Would you output the listing exactly, with every image omitted?

DATA SECTION:

<<<<

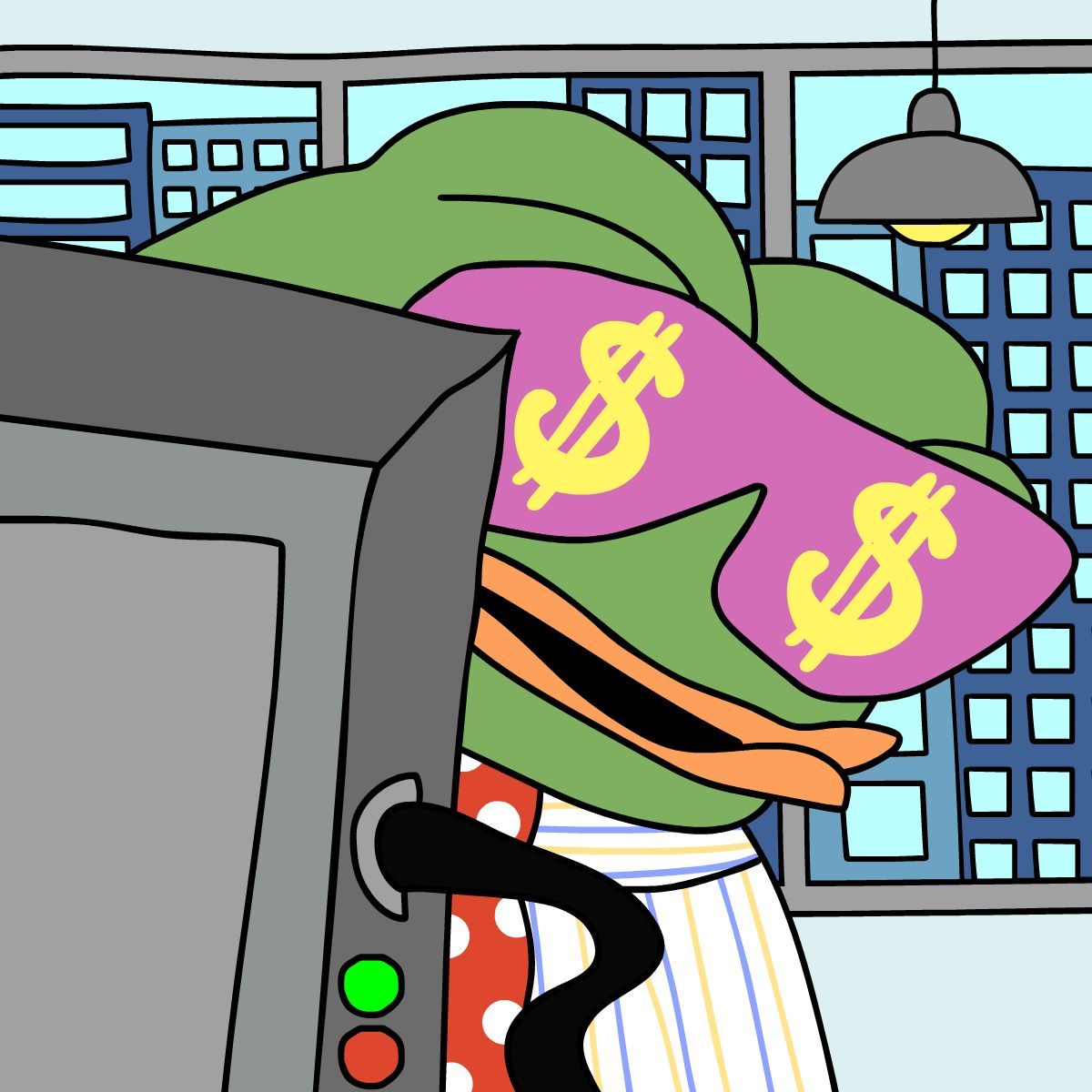 Market is down but we are up and working. 🐸⚔️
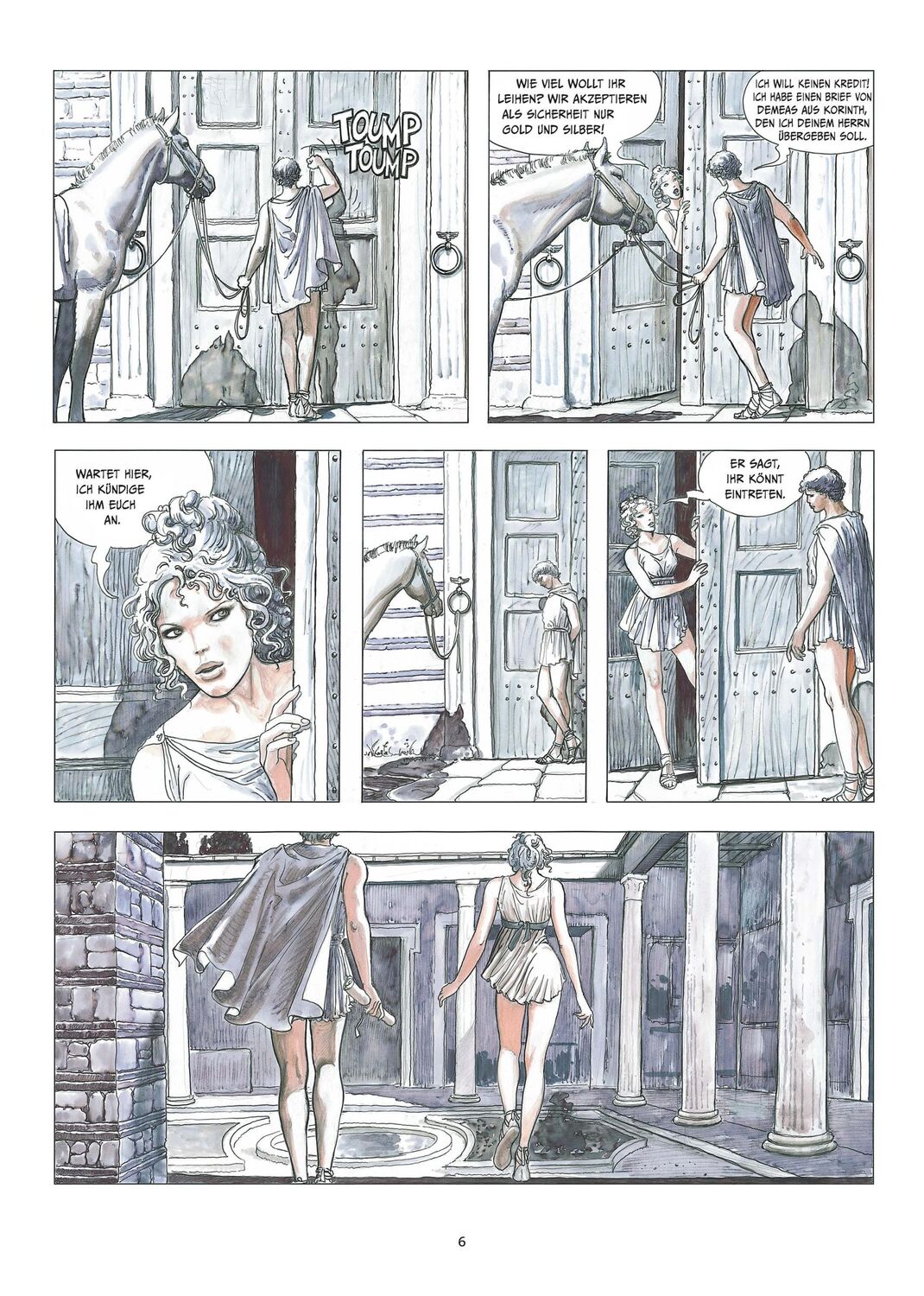 Bild: 9783987214615 | Der goldene Esel | (Graphic Novel) | Milo Manara | Buch | 56 S. | 2024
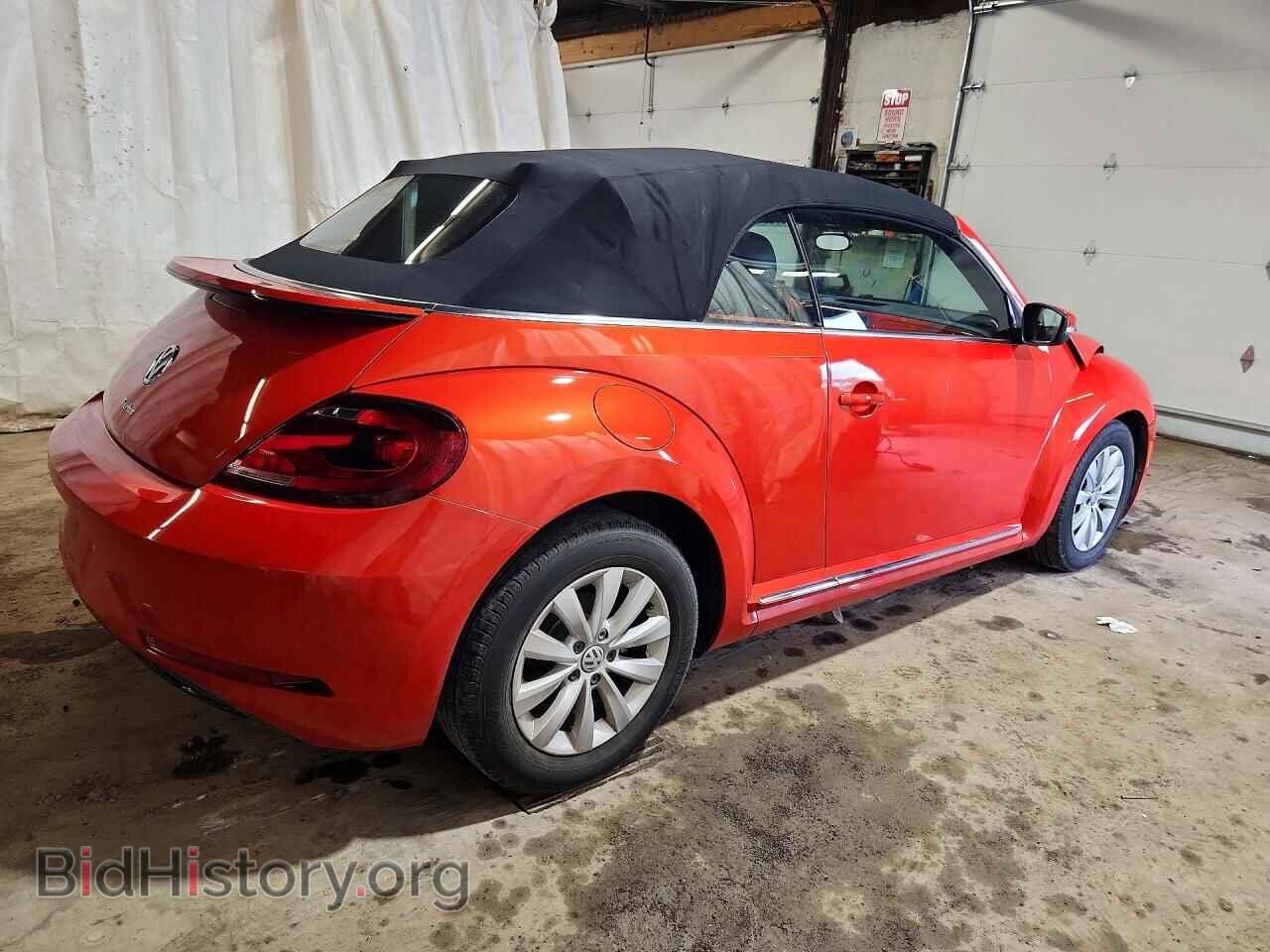2019 VOLKSWAGEN BEETLE - VIN: 3VW5DAAT5KM501830 - Photo 3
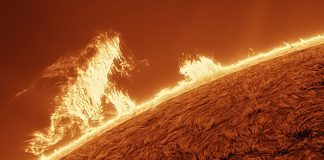 chuva coronal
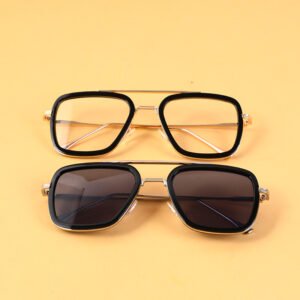 Gafas de sol con montura cuadrada para hombre y mujer mezcladas al azar - Oferta especial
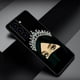thumbnail image 1 of Funda de teléfono para mujer musulmana, carcasa negra suave para Samsung Galaxy S22 Pro S21 S20 FE Ultra S10 Lite S10E S9 S8 Plus qiuyongming unisex, 1 of 2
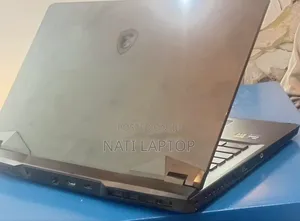 New Laptop MSI 16GB Intel Core i7 SSD 1T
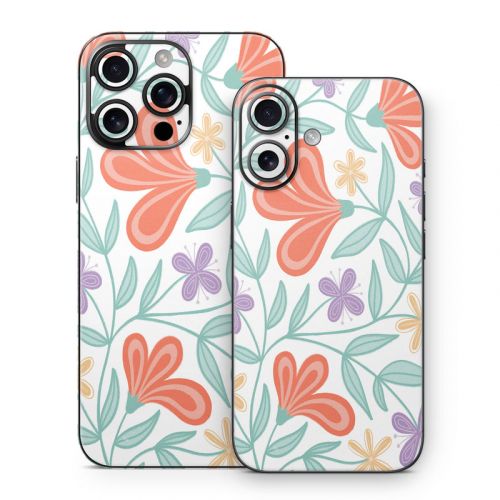 Summer Blooms iPhone 16 Series Skin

>>>>

SOLUTION:
 Market is down but we are up and working. 🐸⚔️
 Bild: 9783987214615 | Der goldene Esel | (Graphic Novel) | Milo Manara | Buch | 56 S. | 2024
2019 VOLKSWAGEN BEETLE - VIN: 3VW5DAAT5KM501830 - Photo 3
 chuva coronal
 Gafas de sol con montura cuadrada para hombre y mujer mezcladas al azar - Oferta especial
thumbnail image 1 of Funda de teléfono para mujer musulmana, carcasa negra suave para Samsung Galaxy S22 Pro S21 S20 FE Ultra S10 Lite S10E S9 S8 Plus qiuyongming unisex, 1 of 2
 New Laptop MSI 16GB Intel Core i7 SSD 1T
 Summer Blooms iPhone 16 Series Skin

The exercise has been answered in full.